Siete relatos bautizados en clara alusión al nombre de un árbol –y obedeciendo así a las reflexiones planteadas en el tercer cuento: «…cada árbol del mundo tiene un significado y una oruga» (52)– componen esta suerte de torcedura de pescuezo al cuento de hadas, en la que se aborda la narración con tono realista y una vivencia violenta del propio cuerpo y por ende de la propia sexualidad, características heredadas del primer libro de cuentos de la autora, el menos afortunado Cállate poco a poco (Caracas: Monte Ávila, 2008). Hay en este segundo libro de García Arreaza un tono narrativo que llega a ser franca e intencionalmente antipático, engranaje de una antisensualidad puesta en marcha a la vez para erotizar y atraer al lector, y para hacerlo pactar con reflexiones y posturas que a menudo le resultarán incómodas: una versión mordaz y adulta de la moraleja en las historias que damos a leer a nuestros niños.

La observación inicial de Jung sobre los bosques, no obstante, encuentra en estas narraciones un asidero posible: lo femenino, ya no como una diversidad de posturas existenciales –su acostumbrada justificación en una policromía silente–, sino como una vivencia sólida y rotunda por parte de quien intenta una y otra vez hallarse en sus propias metaforizaciones, nombrándose y renombrándose con rabia, se encuentra bajo el cenital de los intereses de García Arreaza, a ratos trayendo a la memoria la cruda feminidad presente en ciertos versos de Lydda Franco Farías: «una mujer es una mujer más sus uñas y sus dientes» (40). Lejos de la exaltación o de la letanía, lo femenino en El bosque de los abedules parece más bien sometido a un estado constante de sitio: ya sea como fuente de vergüenzas y minusvalías, como sucede en “La calle del abeto” o “Los pinos del patio”, o de pecados y deslealtades, como en “El bonsái de Macarena” o “Sauce con pájaros negros”. La existencia armónica de lo femenino parece, así, negada o violentada de antemano, sin que ello implique algún tipo de denuncia patriarcal o de victimismo de género; por el contrario, la narradora parece admitir una guerra ancestral, declarada en algún punto genético y sobrellevada con un cinismo compartido entre vencidas y vencedoras: «No es fácil lidiar con la buena estrella de las amigas» dice, por ejemplo, la voz presente en “El aliento de los cedros”, «una empieza a sopesar con filos oxidados cómo el cielo se repartió las cosas entre nosotras, las mujeres, esta tribu despechada y jamás presa de la domesticación» (89). O igualmente en “El bonsái de Macarena”: «Es relajante, por ejemplo, decir que fulana es una puta y, encima, no perder la oportunidad de subrayar que tú misma no eres de esa calaña» (30).

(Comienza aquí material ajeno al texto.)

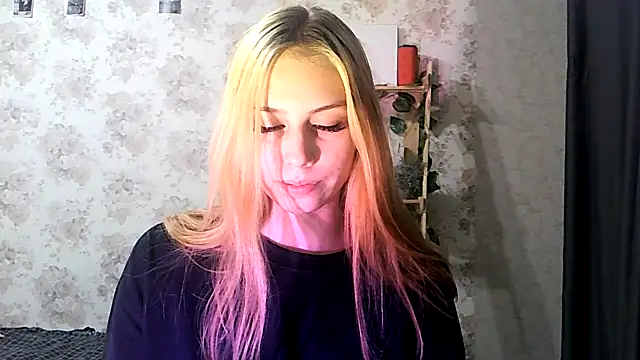 Snapshot of ClaireLaSweet chatting on 10/20/25, 10:27 ClaireLaSweet online show from 10/20/25, 10:27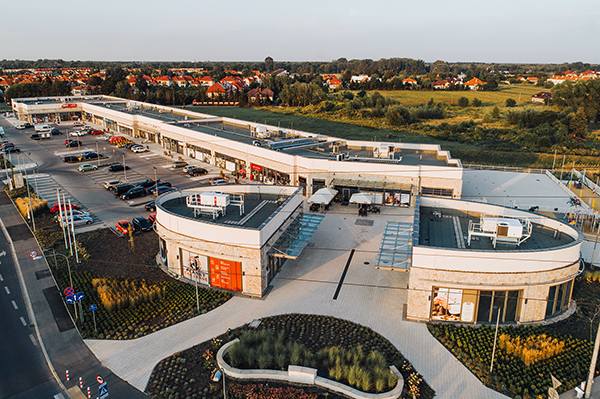 Park handlowy Plac Vogla w Warszawie zmienił właściciela. Park handlowy Plac Vogla w Warszawie zmienił właściciela.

Esa constante metacognición en torno a las leyes herméticas del mundo femenino ejerce en la narradora un cierto distanciamiento, una lejanía también notoria en las relaciones planteadas con lo familiar, que estriba en trasgresión y ausencias en el caso de lo paterno, y en odio y rivalidades por el lado maternal. La narradora parece dar un paso hacia atrás y romper sus filiaciones “reales”, proponiendo como alternativa una herencia y una tradición “universales”: la alta literatura, las Bellas Artes, la música, o incluso ciertos espacios culturales foráneos: referencias a la cultura rusa, a la cocina árabe o las mitologías nórdicas. Estos pivotes de la Alta Cultura cobran sentido en el laberinto vivencial de la autora al inscribirse en un árbol específico, imitando la vertical entereza y longevidad de sus troncos.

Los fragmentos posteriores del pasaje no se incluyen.